On 10/25/24 05:50, Philo Lu wrote:
On 2024/10/24 23:01, Paolo Abeni wrote:
On 10/18/24 13:45, Philo Lu wrote:
[...]
+/* In hash4, rehash can also happen in connect(), where hash4_cnt keeps unchanged. */
+static void udp4_rehash4(struct udp_table *udptable, struct sock *sk, u16 newhash4)
+{
+ struct udp_hslot *hslot4, *nhslot4;
+
+ hslot4 = udp_hashslot4(udptable, udp_sk(sk)->udp_lrpa_hash);
+ nhslot4 = udp_hashslot4(udptable, newhash4);
+ udp_sk(sk)->udp_lrpa_hash = newhash4;
+
+ if (hslot4 != nhslot4) {
+ spin_lock_bh(&hslot4->lock);
+ hlist_del_init_rcu(&udp_sk(sk)->udp_lrpa_node);
+ hslot4->count--;
+ spin_unlock_bh(&hslot4->lock);
+
+ synchronize_rcu();
This deserve a comment explaining why it's needed. I had to dig in past
revision to understand it.
Got it. And a short explanation here (see [1] for detail):
Here, we move a node from a hlist to another new one, i.e., update
node->next from the old hlist to the new hlist. For readers traversing
the old hlist, if we update node->next just when readers move onto the
moved node, then the readers also move to the new hlist. This is unexpected.
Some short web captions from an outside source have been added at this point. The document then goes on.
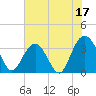 South Island USCG tide chart for Saturday, June 17, 2023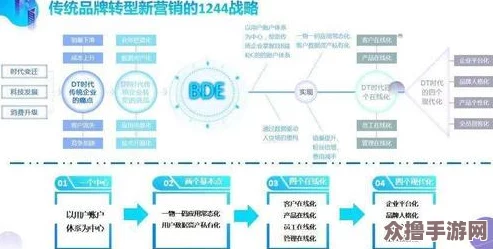 ⅩⅩXWWW：如何在数字时代提升个人品牌与网络影响力的有效策略与技巧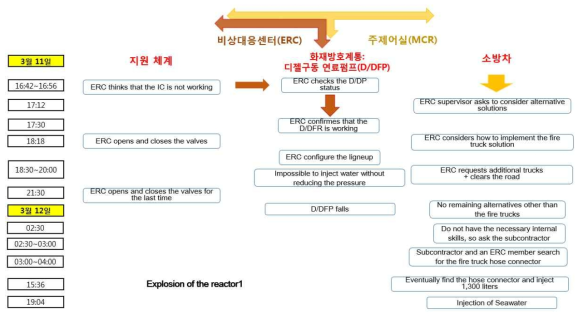 후쿠시마 제1원전 사고 시 주제어실과 비상대응센터의 역할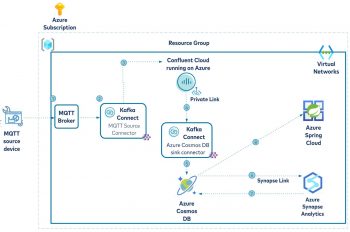 Real-Time IoT Data Integration & Analytics With Confluent Cloud & Azure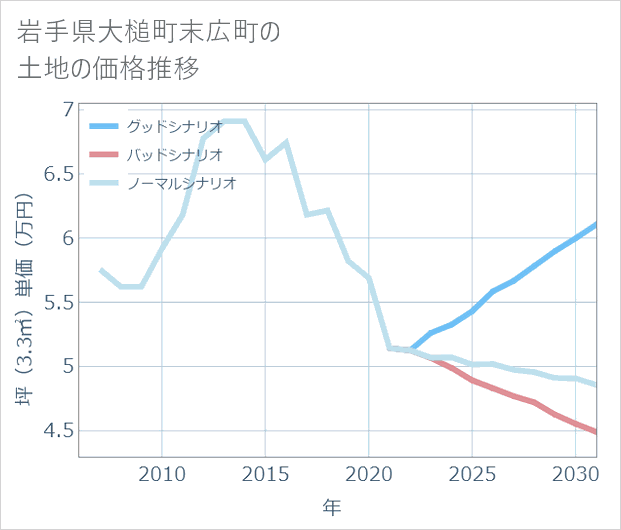 岩手県大槌町末広町の土地価格推移
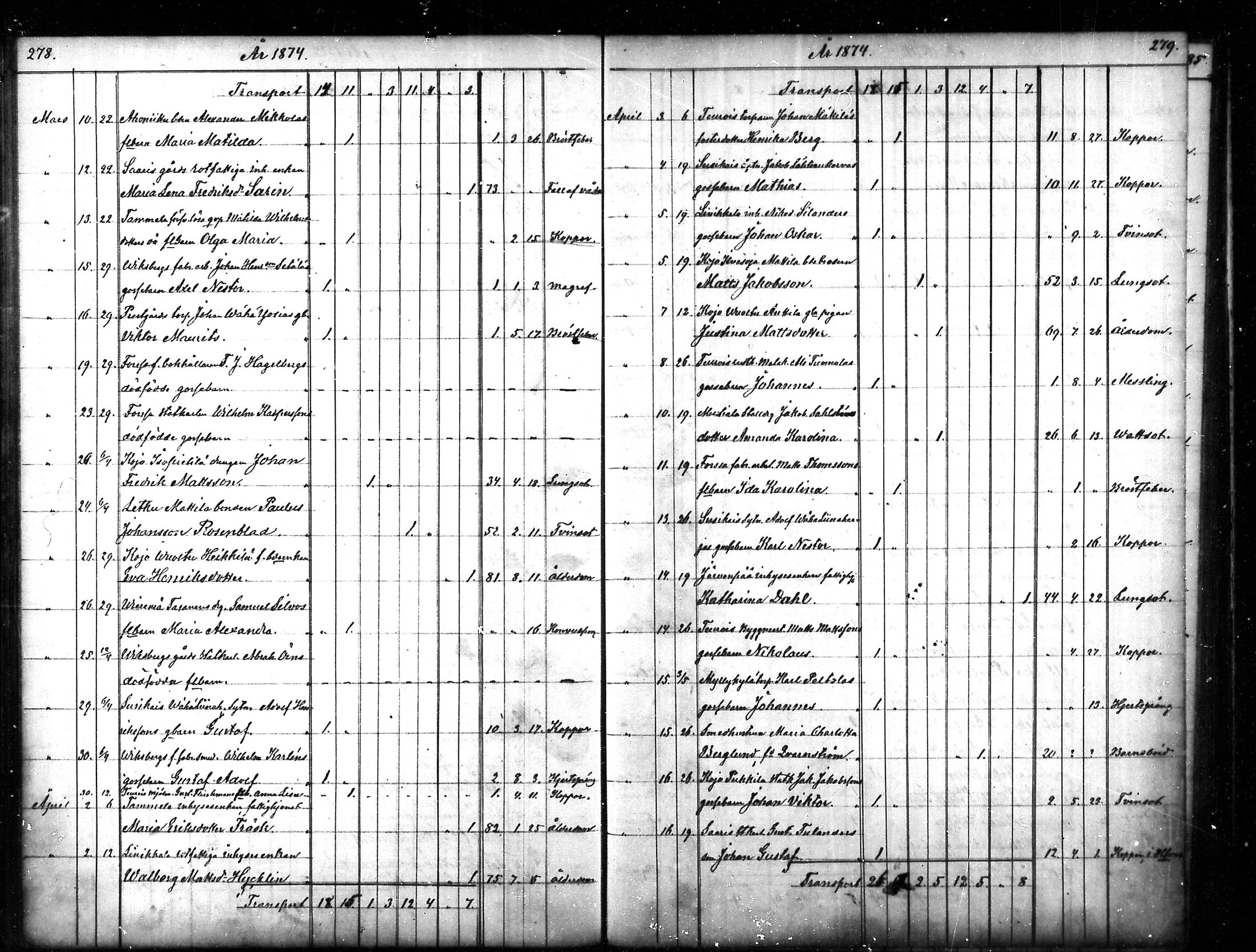 [ ../kirjat/Kirkonkirjat/tammela/kuolleet_1856-1886_mko816-823/kuvat/140.jpg ]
Reader(lookup) Writer(rehash)
----------------- ---------------
1. rcu_read_lock()
2. pos = sk;
3. hlist_del_init_rcu(sk, old_slot)
4. hlist_add_head_rcu(sk, new_slot)
5. pos = pos->next; <=
6. rcu_read_unlock()
[1]
https://lore.kernel.org/all/0fb425e0-5482-4cdf-9dc1-3906751f8f81@xxxxxxxxxxxxxxxxx/
Thanks. AFAICS the problem that such thing could cause is a lookup
failure for a socket positioned later in the same chain when a previous
entry is moved on a different slot during a concurrent lookup.
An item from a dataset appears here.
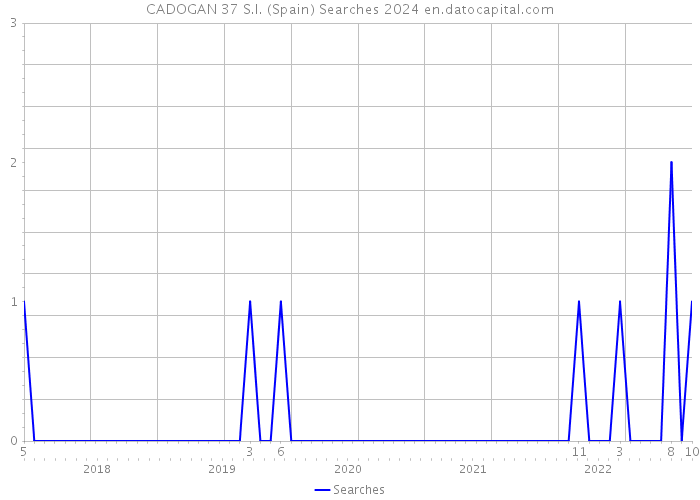 CADOGAN 37 S.I. (Spain) Searches 2024 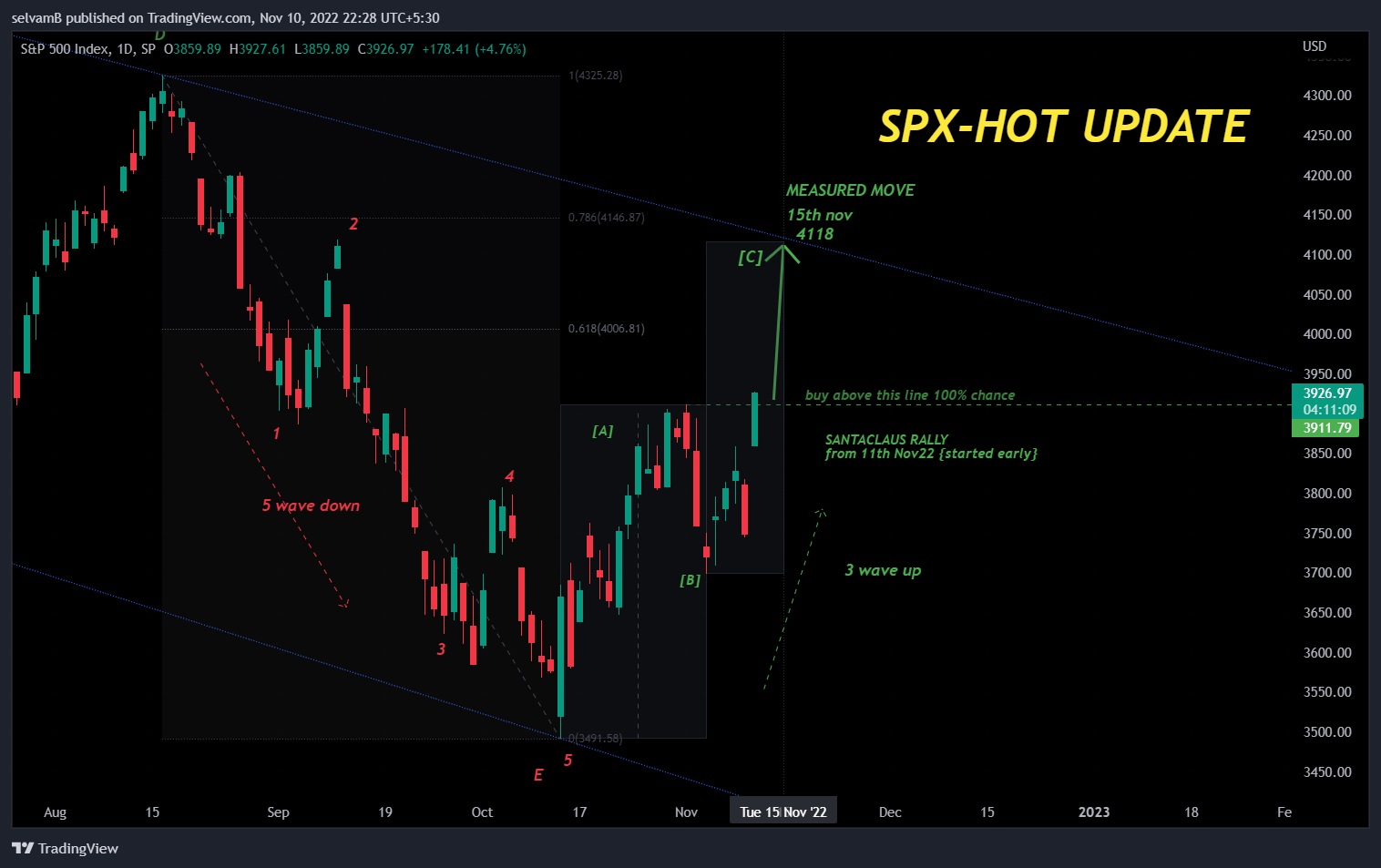 SP:SPX Chart Image by selvamB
I think that could be solved the same way TCP is handling such scenario:
using hlist_null RCU list for the hash4 bucket, checking that a failed
lookup ends in the same bucket where it started and eventually
reiterating from the original bucket.
Have a look at __inet_lookup_established() for a more descriptive
reference, especially:
https://elixir.bootlin.com/linux/v6.12-rc4/source/net/ipv4/inet_hashtables.c#L528
...+
+
+/* call with sock lock */
+static void udp4_hash4(struct sock *sk)
+{
+ struct udp_hslot *hslot, *hslot2, *hslot4;
+ struct net *net = sock_net(sk);
+ struct udp_table *udptable;
+ unsigned int hash;
+
+ if (sk_unhashed(sk) || inet_sk(sk)->inet_rcv_saddr == htonl(INADDR_ANY))
+ return;
+
+ hash = udp_ehashfn(net, inet_sk(sk)->inet_rcv_saddr, inet_sk(sk)->inet_num,
+ inet_sk(sk)->inet_daddr, inet_sk(sk)->inet_dport);
+
+ udptable = net->ipv4.udp_table;
+ if (udp_hashed4(sk)) {
+ udp4_rehash4(udptable, sk, hash);
It's unclear to me how we can enter this branch. Also it's unclear why
here you don't need to call udp_hash4_inc()udp_hash4_dec, too. Why such
accounting can't be placed in udp4_rehash4()?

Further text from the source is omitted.